Quando parliamo e scriviamo avvolgiamo spesso gli altri in una coltre di nebbia. Le conseguenze di ciò? Non ci ascolteranno, non ci leggeranno e avremo creato un pericoloso precedente. Magari proveranno anche a impegnarsi per capirci. Stancatisi, inizieranno a perdere i pezzi, a selezionare le informazioni a loro scelta, a interpretare liberamente

L’elevator pitch, l’esame in ascensore

Salgo in ascensore, il mio capo mi sorride.
Non ho dormito tutta la notte e sono reduce da due ore di coda in tangenziale per un incidente.

Mi guarda, mi sorride «Buongiorno Andrea, finalmente la incontro, so che si è unito al nostro team da poco. Mi dica di lei!».

Semplice no? Nel tempo di 5 piani devo ordinare tutti i dati della mia biografia professionale, selezionare delle idee, metterle in relazione alla mia presenza in azienda, allinearle alle aspettative del mio capo…e parlare.
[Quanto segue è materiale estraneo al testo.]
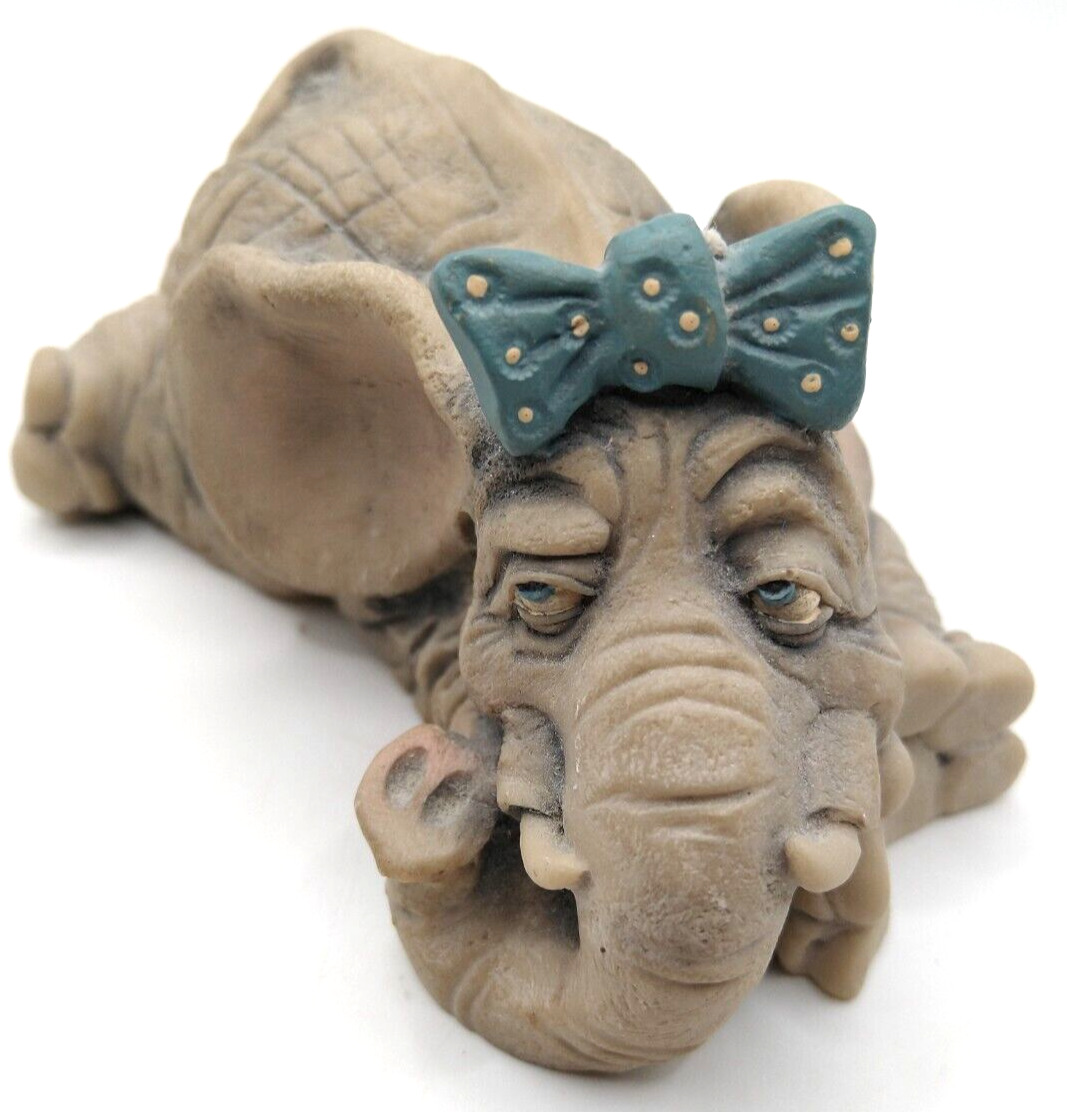 Frumps Elephant Figurine Sculpture Anthromorphic D&D Studios Texas USA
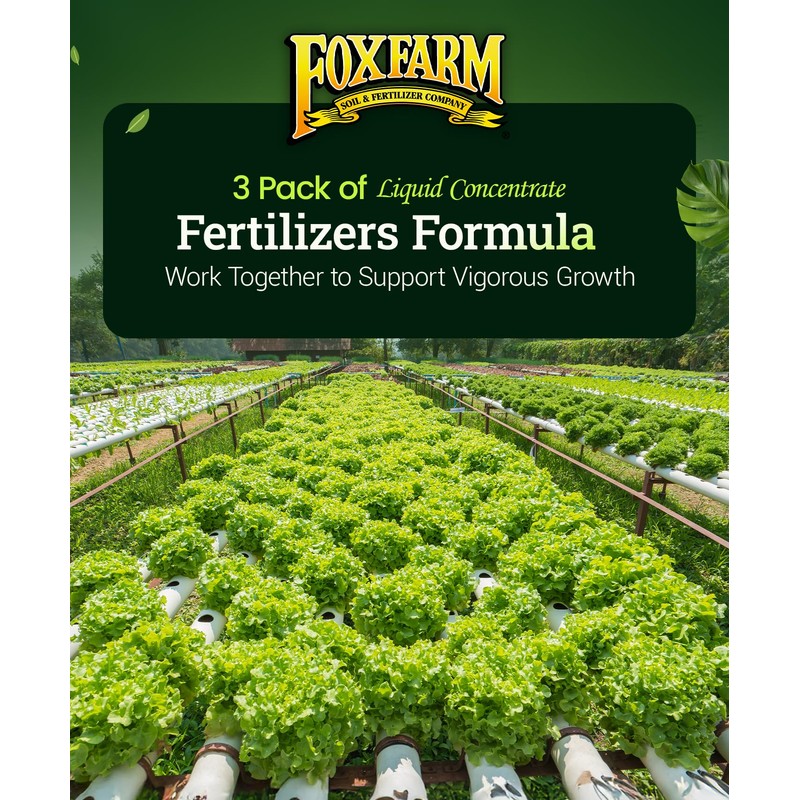 FoxFarm Hydro Liquid Trio Pack - Big Bloom, Grow Big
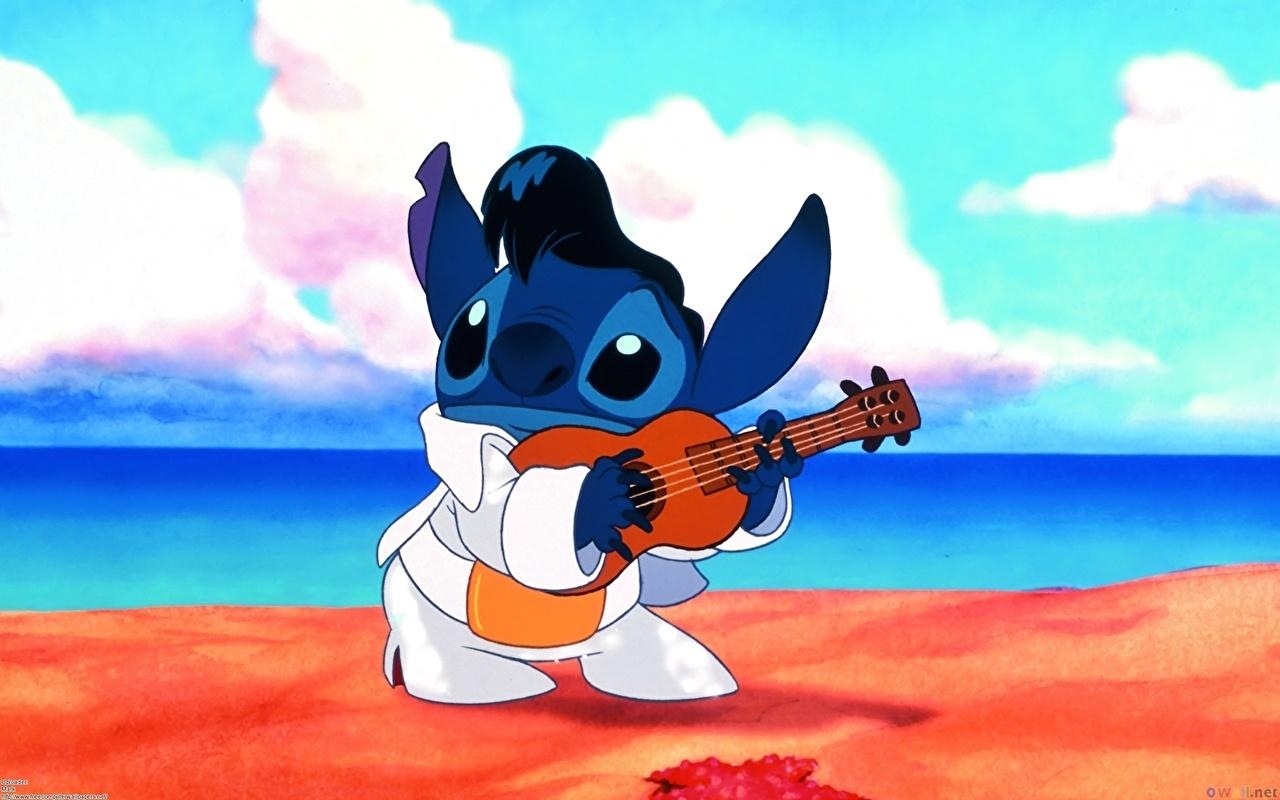 1280x800 Wallpaper Disney Lilo & Stitch Guitar Cartoons, Desktop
Il tutto al volo, sul momento, ogni secondo sembrerà un’ora e a lui sembra una domanda banalissima.

Potrei simulare uno svenimento. È un’alternativa. Temo da scartare. So che lui dovrà uscire dall’ascensore e pensare che assumermi sia stato un bel colpo.
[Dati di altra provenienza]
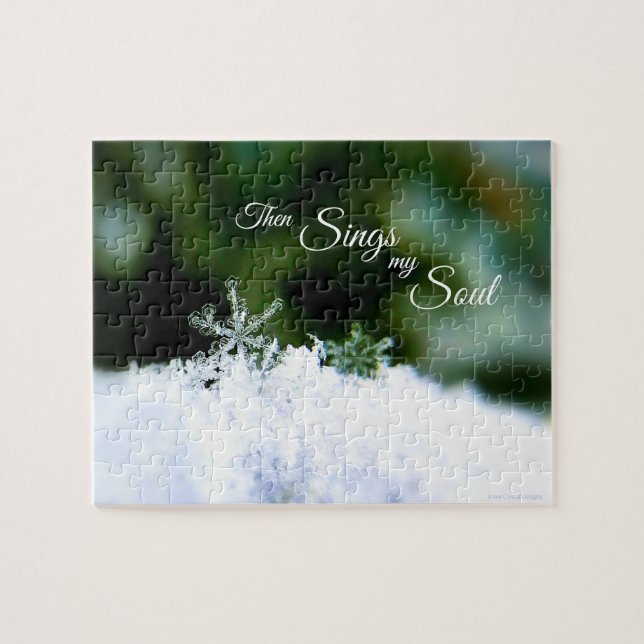 Beau Flocon De Neige Réel Puis Chante Mon Puzzle S (Horizontal)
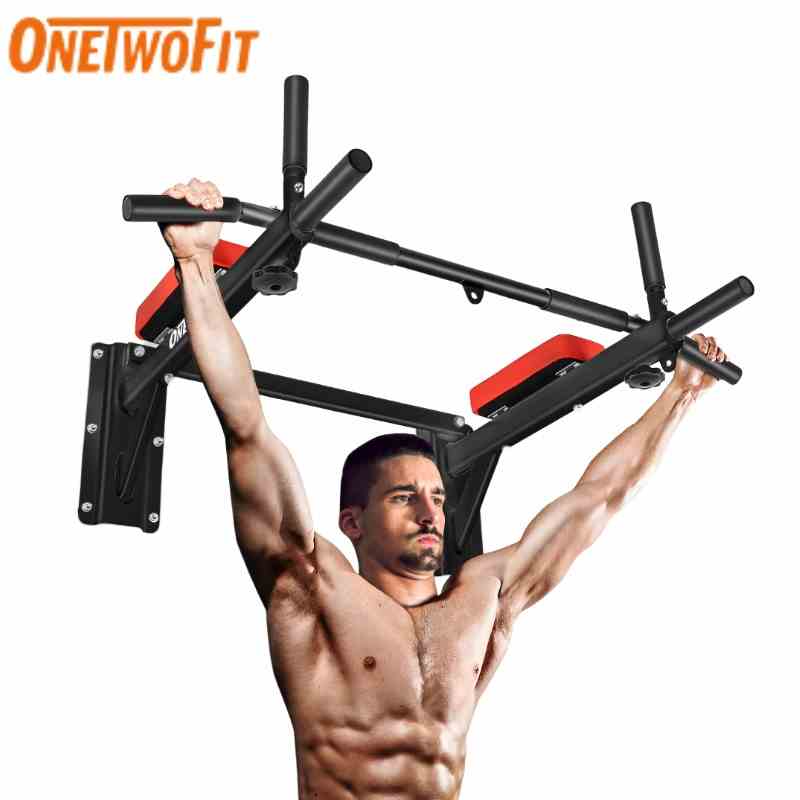 OneTwoFit Xà Đơn , Pull-up xà ngang trong nhà Xà Đơn Đa Năng Treo Tường OT066RN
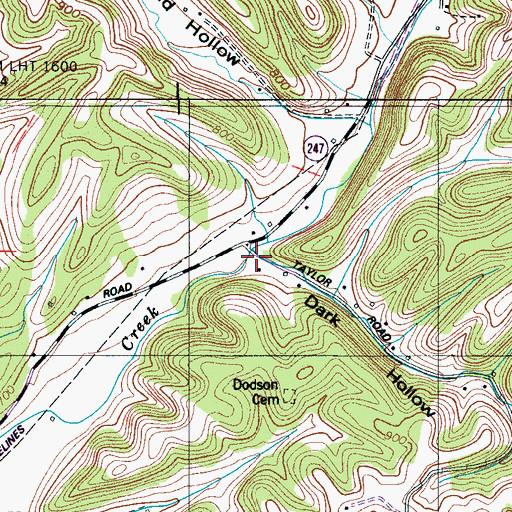 Topographic Map of Dark Hollow, TN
Dipende da me: emettere balbettii, fare pause, vomitare confusamente qualche idea, oppure dare informazioni precise, catalizzare la sua attenzione e avvalorare la mia credibilità.

Anche se so, non è detto che io sappia trasmettere ciò che so. Per farlo, serve avere e saper usare una struttura.
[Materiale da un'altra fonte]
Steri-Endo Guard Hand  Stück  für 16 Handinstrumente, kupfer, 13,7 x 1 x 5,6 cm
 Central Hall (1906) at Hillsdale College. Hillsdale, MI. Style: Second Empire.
Chi non ha competenza usa scaltramente le tecniche di una comunicazione efficace e sa che può avere la meglio su chi ha competenza, ma non sa trasmetterla. Purtroppo.

Bisogna possedere entrambe: competenza e capacità di saperla trasmettere

Se siamo competenti ma non sappiamo come comunicare il nostro sapere, chi ci ascolta o legge non presterà più attenzione a cosa diciamo ma al come. Il giudizio si sposterà dal contenuto alla persona. E non ne usciremo bene.